After the end of World War II, he became a professor at Sichuan University and the private West China Union College in Chengdu, teaching Ming history and German history. Two years later, he became a professor of German language at Peking University.

When peace was restored in post-war Germany, Franke returned to Hamburg with his family in 1950. He was appointed Chair of Sinology at the University of Hamburg, and was also Director of the Seminar for Language and Culture in China. He was the fourth holder of the Chair of Sinology and succeeded his father Otto Franke, who had set up the chair in 1910. He worked there until his retirement in 1977.

After his wife died in 1988, Franke moved to Petaling Jaya near the University of Malaya, where he had students and friends. He lived in Malaysia until his late eighties, when he moved to Berlin in May 2000 to live with his daughter. In his final years, when he could no longer travel, his daughter hired Chinese students to look after him, so that he could speak Chinese to someone. He died in Berlin on 6 September 2007, at the age of 95.

==Publications==
Franke was internationally known as a China expert with research focuses on the Ming dynasty and history of the Chinese in Southeast Asia. He worked in various national and international committees on China and Asia studies and was a member of the university club of the University of Hamburg.

Important works by Franke include:
- Das Jahrhundert der chinesischen Revolution 1851-1949, München (1958). English translation: A Century of Chinese Revolution 1851–1949, Oxford (1970).
- The Reform and Abolition of the Traditional Chinese Examination System, Harvard University Press, 1960.
- China und das Abendland (1962). English translation: China and the West (1962).
- An Introduction to the Sources of Ming History (1968). Chinese translation: 明代史籍彙考引言 (1970).
- China-Handbuch (China Handbook) (1974).

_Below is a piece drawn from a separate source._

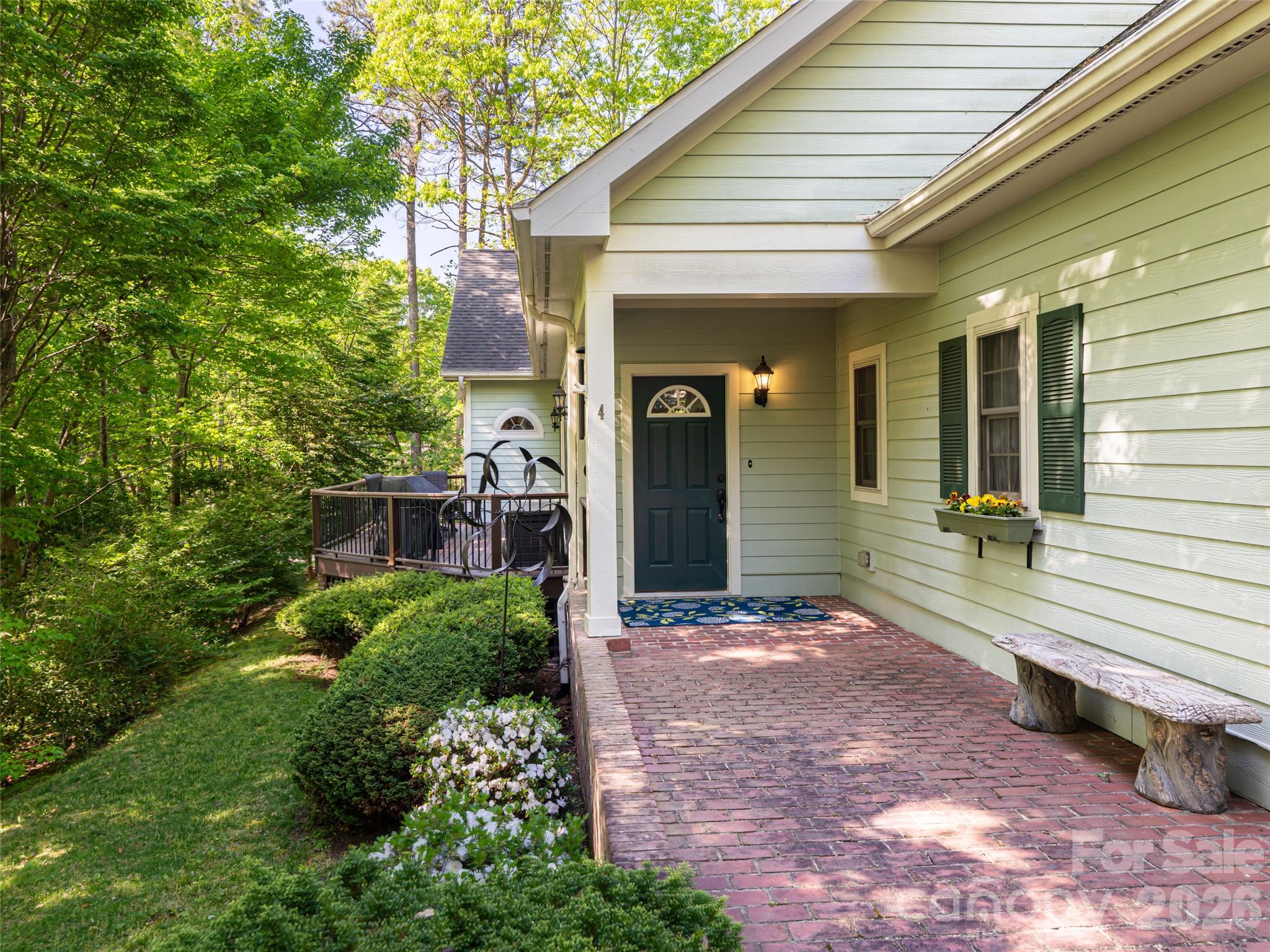 4 Dogwood Glen Circle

He also wrote a two-volume autobiography Im Banne Chinas (Under the Spell of China; part 1: 1912–1950 and part 2: 1950–1998). From the mid-1960s onwards, he dealt intensively with scholars in Southeast Asia and collected epigraphic material. The results of his research were published in English in several volumes for Malaysia 1983–87, Indonesia 1997 and Thailand 1998.